_INFORMATION SHOWN:_
● ● ● ●
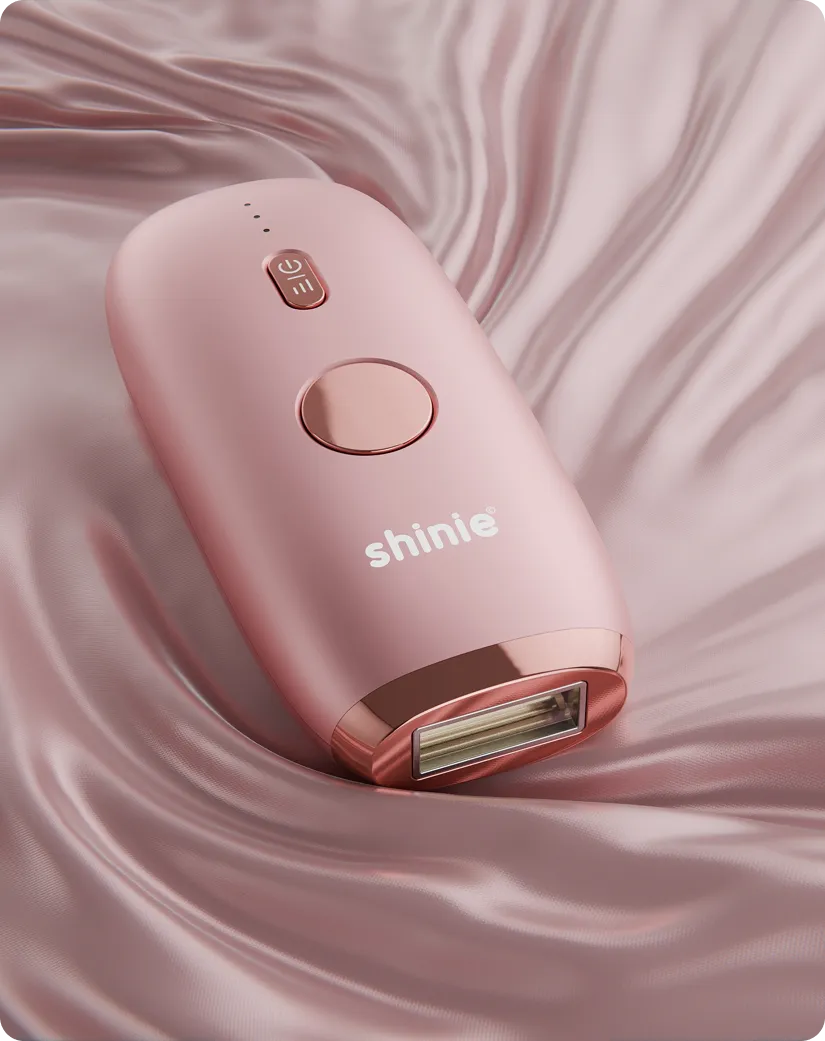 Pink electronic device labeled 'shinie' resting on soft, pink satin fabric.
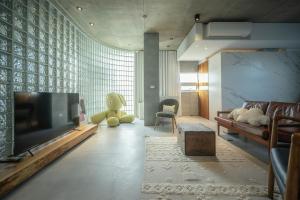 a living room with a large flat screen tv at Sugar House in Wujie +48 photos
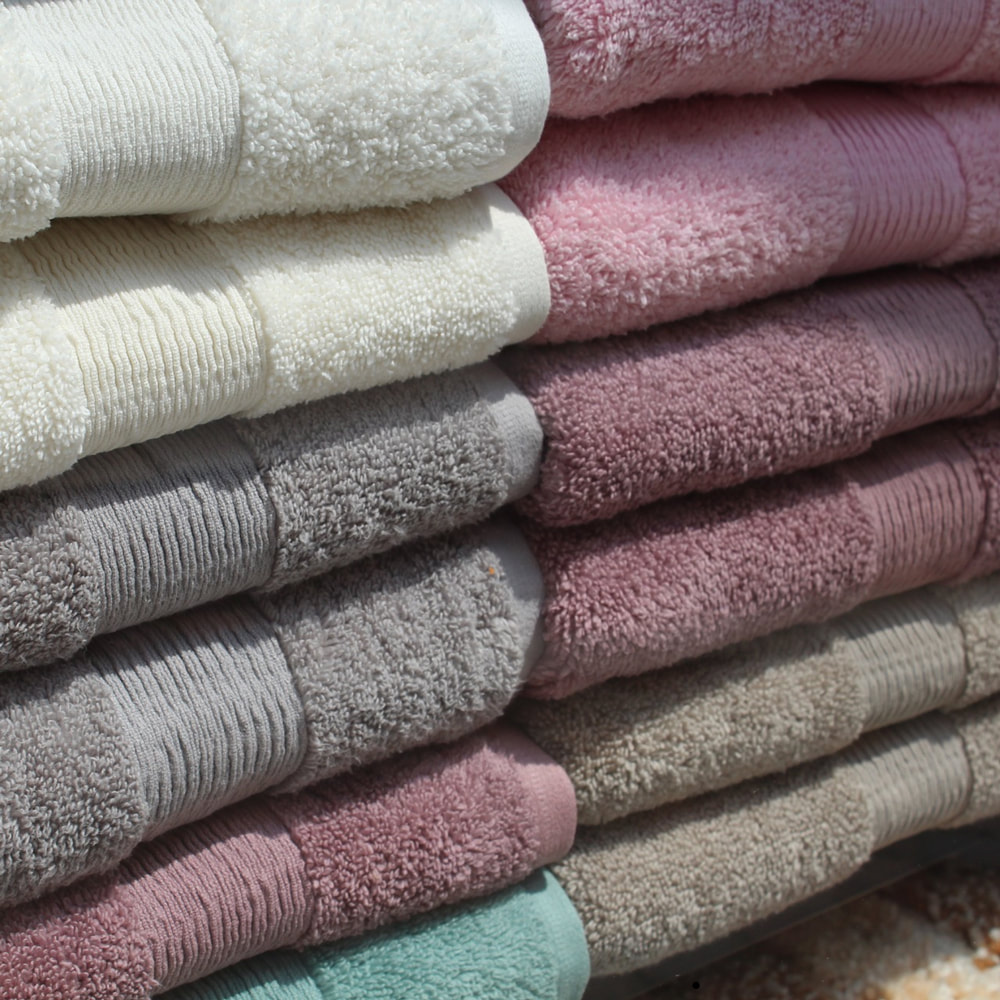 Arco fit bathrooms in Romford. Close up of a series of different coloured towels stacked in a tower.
● ● ● ●
_ABOUT THIS EXERCISE:_ Please output the material above unchanged, apart from removing the pictures.

_EXERCISE OUTPUT:_
 Pink electronic device labeled 'shinie' resting on soft, pink satin fabric.
 a living room with a large flat screen tv at Sugar House in Wujie +48 photos
 Arco fit bathrooms in Romford. Close up of a series of different coloured towels stacked in a tower.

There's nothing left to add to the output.